§ **What is expected**: Because the pictures are not wanted, reproduce the rest of the records below exactly as they stand.

[[ Records to use, beginning ]]

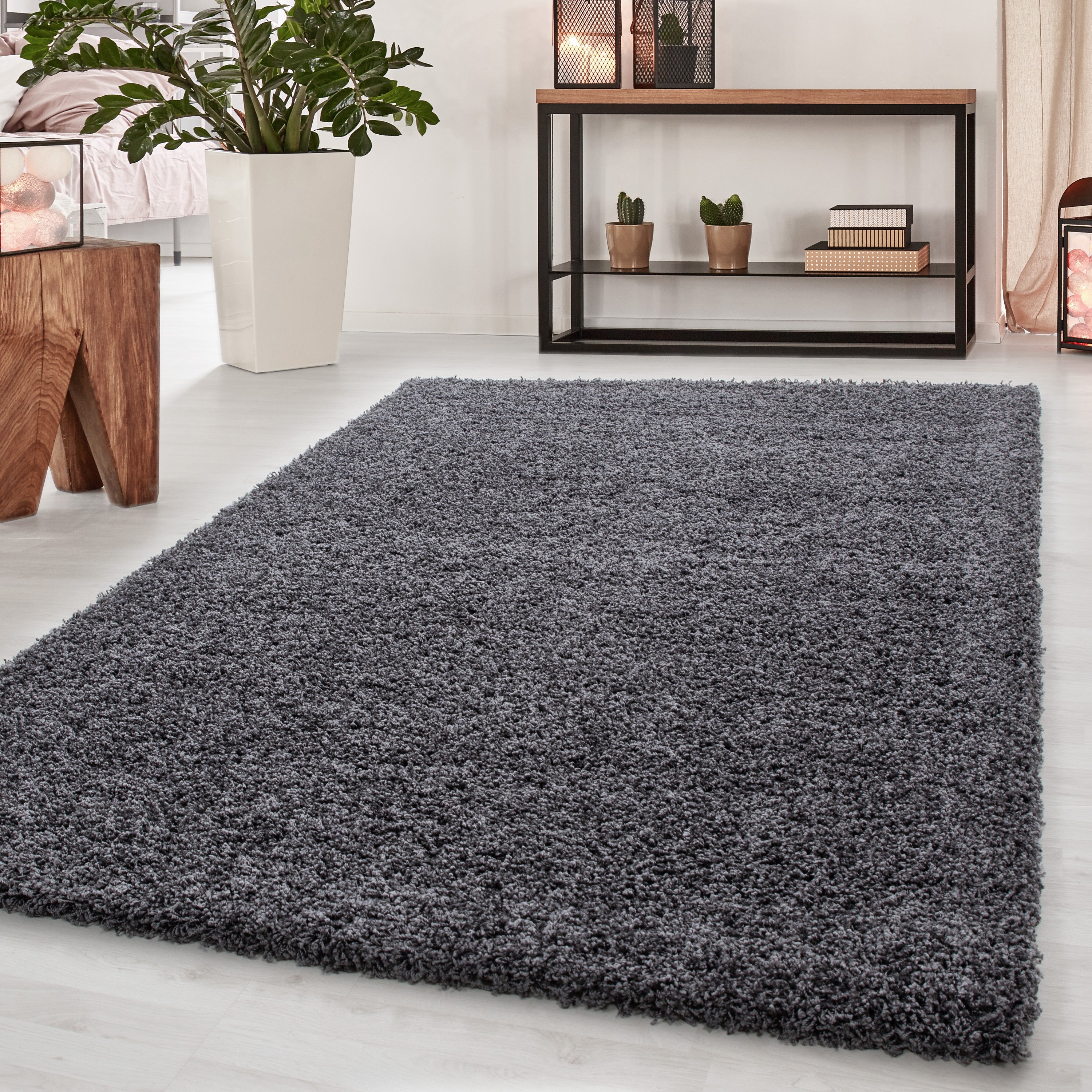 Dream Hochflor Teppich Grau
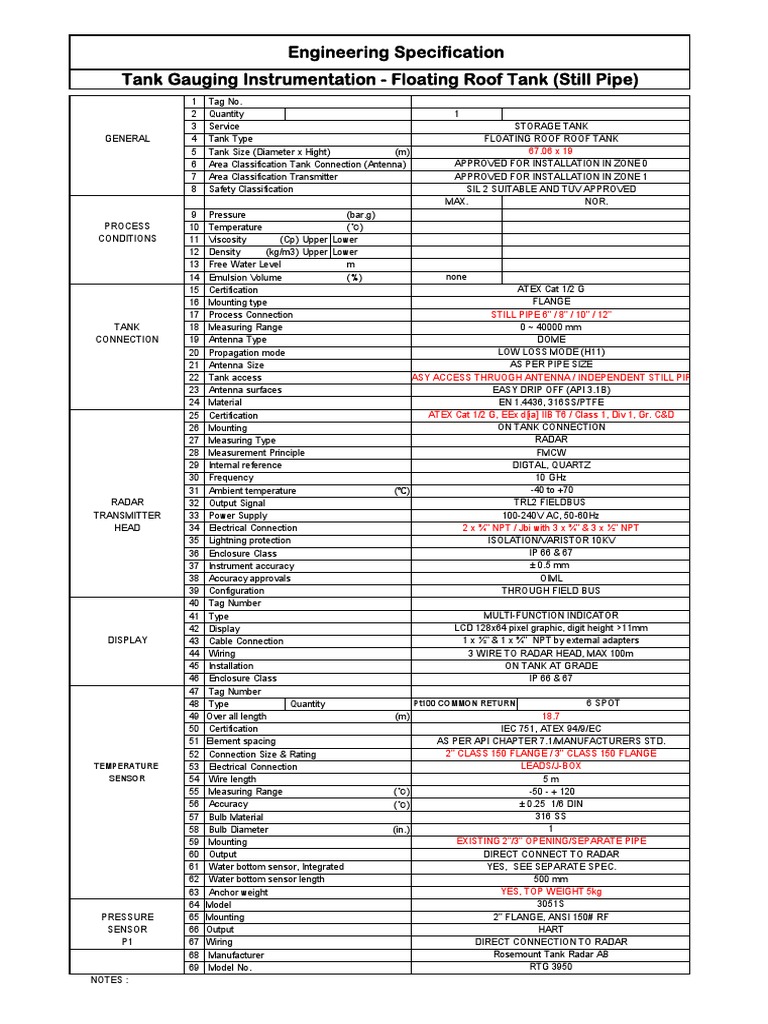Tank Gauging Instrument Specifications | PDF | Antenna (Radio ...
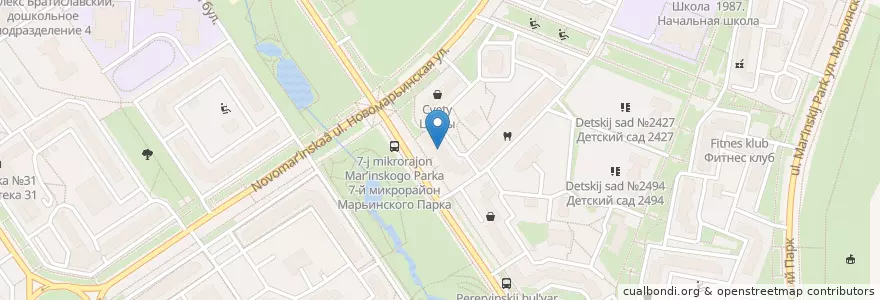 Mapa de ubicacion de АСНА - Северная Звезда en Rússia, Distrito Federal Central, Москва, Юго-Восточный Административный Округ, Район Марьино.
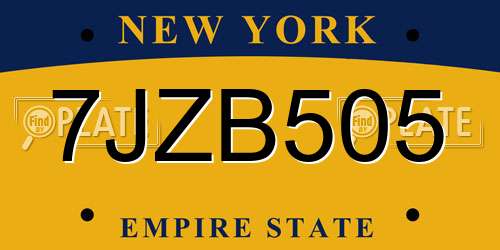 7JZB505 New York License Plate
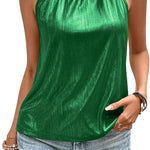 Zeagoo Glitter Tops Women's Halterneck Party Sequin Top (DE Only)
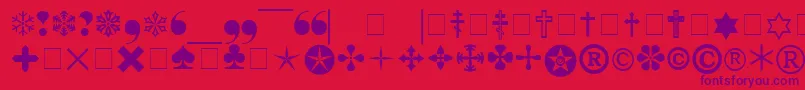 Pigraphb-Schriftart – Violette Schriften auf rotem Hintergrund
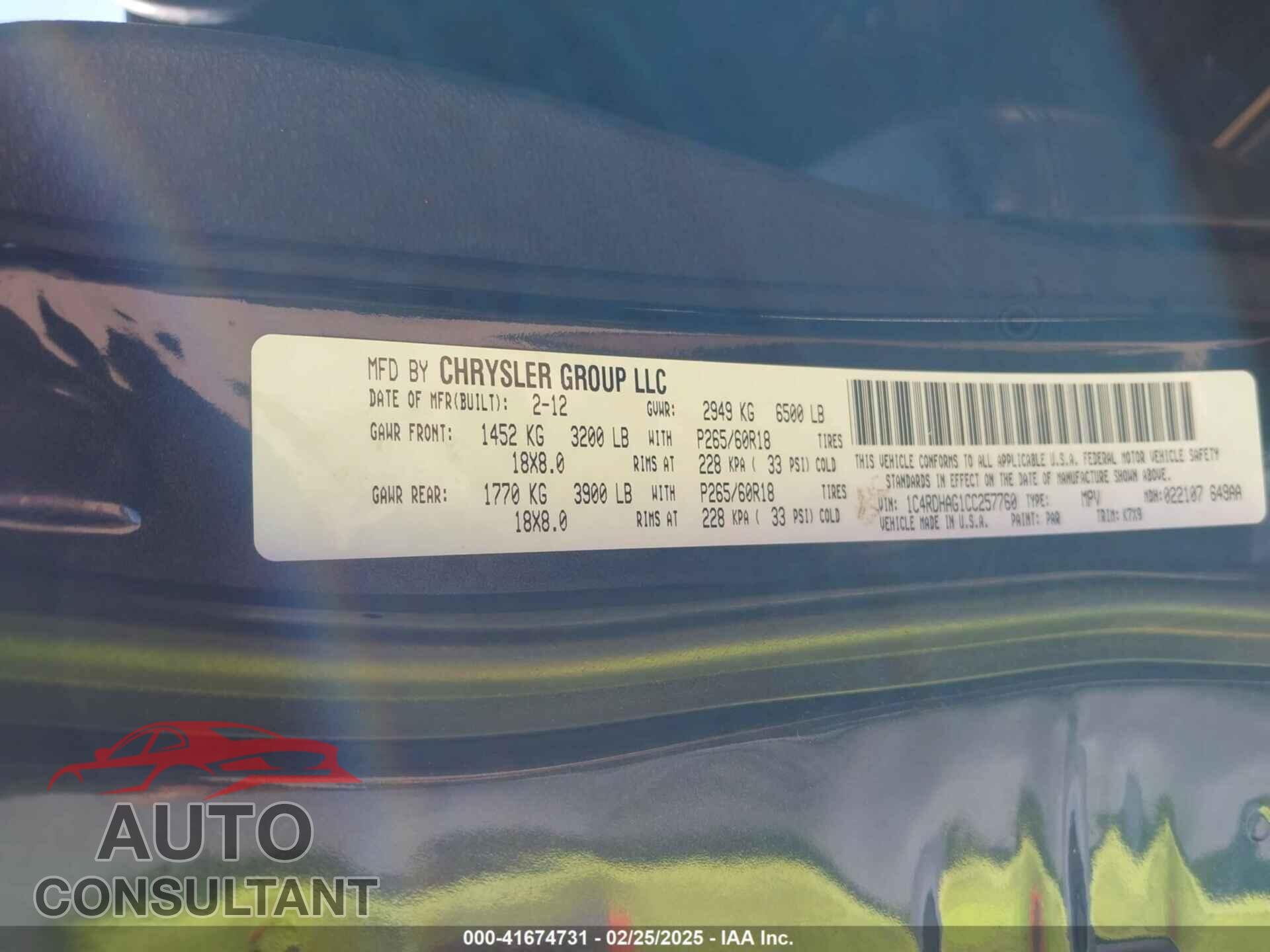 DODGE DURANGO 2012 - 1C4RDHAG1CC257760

[[ Records to use, end ]]

§ **Output of the exercise**:
 Dream Hochflor Teppich Grau
Tank Gauging Instrument Specifications | PDF | Antenna (Radio ...
 Mapa de ubicacion de АСНА - Северная Звезда en Rússia, Distrito Federal Central, Москва, Юго-Восточный Административный Округ, Район Марьино.
 7JZB505 New York License Plate
 Zeagoo Glitter Tops Women's Halterneck Party Sequin Top (DE Only)
 Pigraphb-Schriftart – Violette Schriften auf rotem Hintergrund
 DODGE DURANGO 2012 - 1C4RDHAG1CC257760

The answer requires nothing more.